* _EXERCISE DESCRIPTION_
Please restate, word for word, the lines below that begin at the one with "2' X 3' Ivory" and end at the one with "GA license plate CXI4474". Leave out all other lines.

* _GIVEN DATA_
- Opening Delimiter -

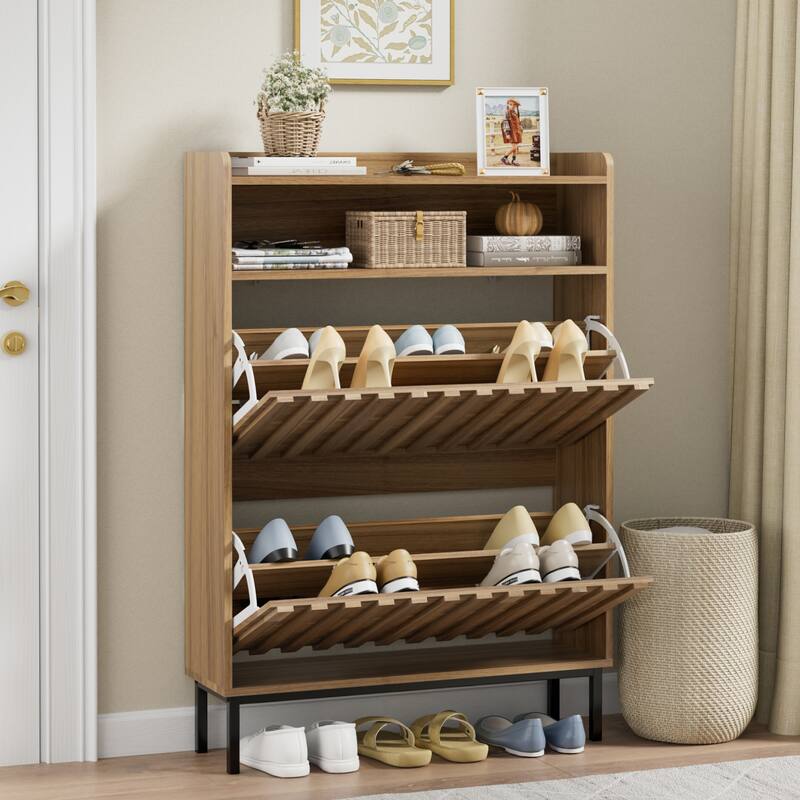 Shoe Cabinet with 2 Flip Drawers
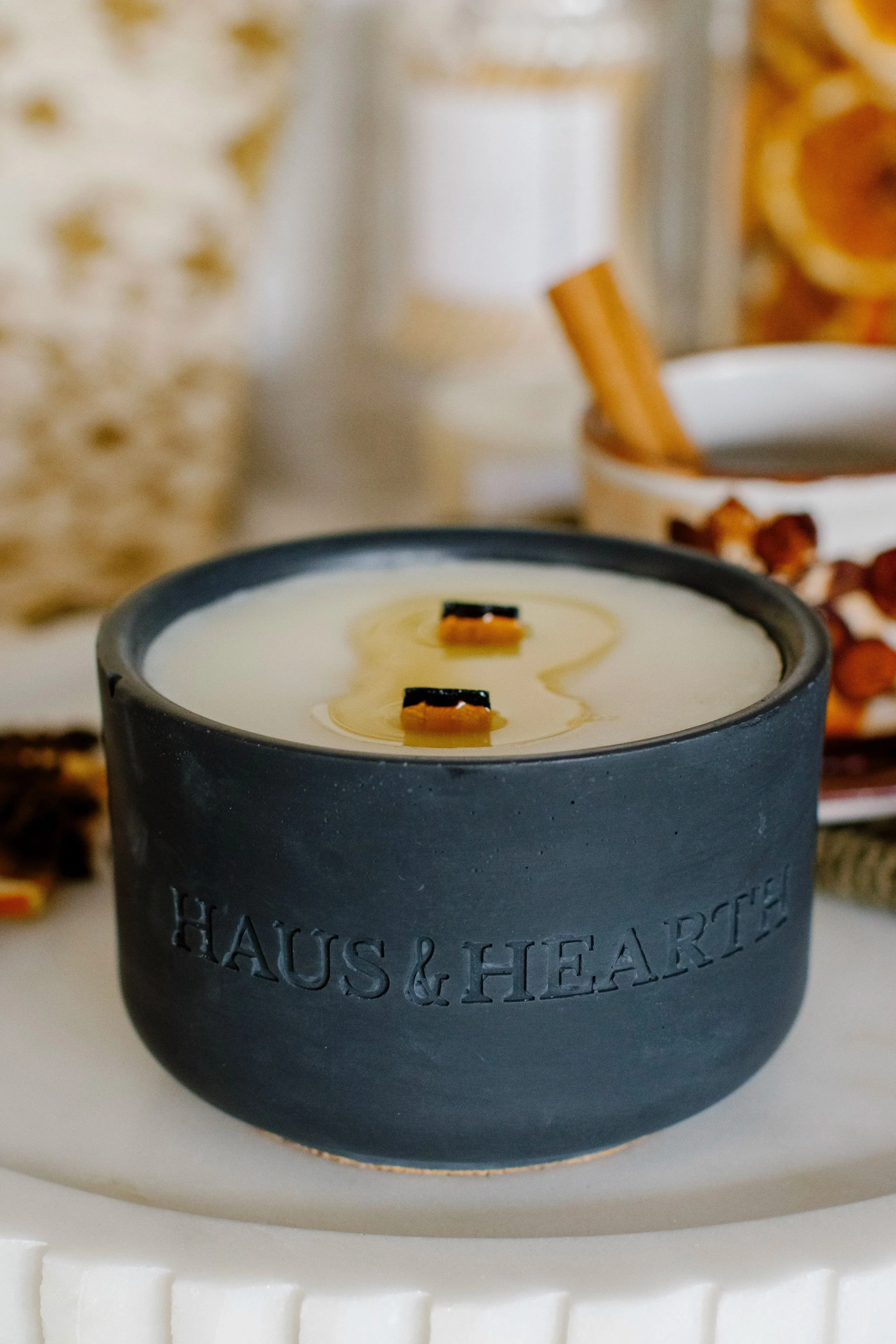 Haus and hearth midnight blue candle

- Closing Delimiter -
- Opening Delimiter -

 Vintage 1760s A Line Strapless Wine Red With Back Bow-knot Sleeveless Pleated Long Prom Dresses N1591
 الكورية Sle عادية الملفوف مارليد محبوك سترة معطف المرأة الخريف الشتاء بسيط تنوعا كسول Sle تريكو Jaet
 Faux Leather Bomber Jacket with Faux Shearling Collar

- Closing Delimiter -
- Opening Delimiter -

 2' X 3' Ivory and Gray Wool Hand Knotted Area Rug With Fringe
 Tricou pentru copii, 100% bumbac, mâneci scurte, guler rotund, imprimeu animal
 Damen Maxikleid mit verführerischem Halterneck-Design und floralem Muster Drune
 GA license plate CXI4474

- Closing Delimiter -

* _EXERCISE RESPONSE_
 2' X 3' Ivory and Gray Wool Hand Knotted Area Rug With Fringe
 Tricou pentru copii, 100% bumbac, mâneci scurte, guler rotund, imprimeu animal
 Damen Maxikleid mit verführerischem Halterneck-Design und floralem Muster Drune
 GA license plate CXI4474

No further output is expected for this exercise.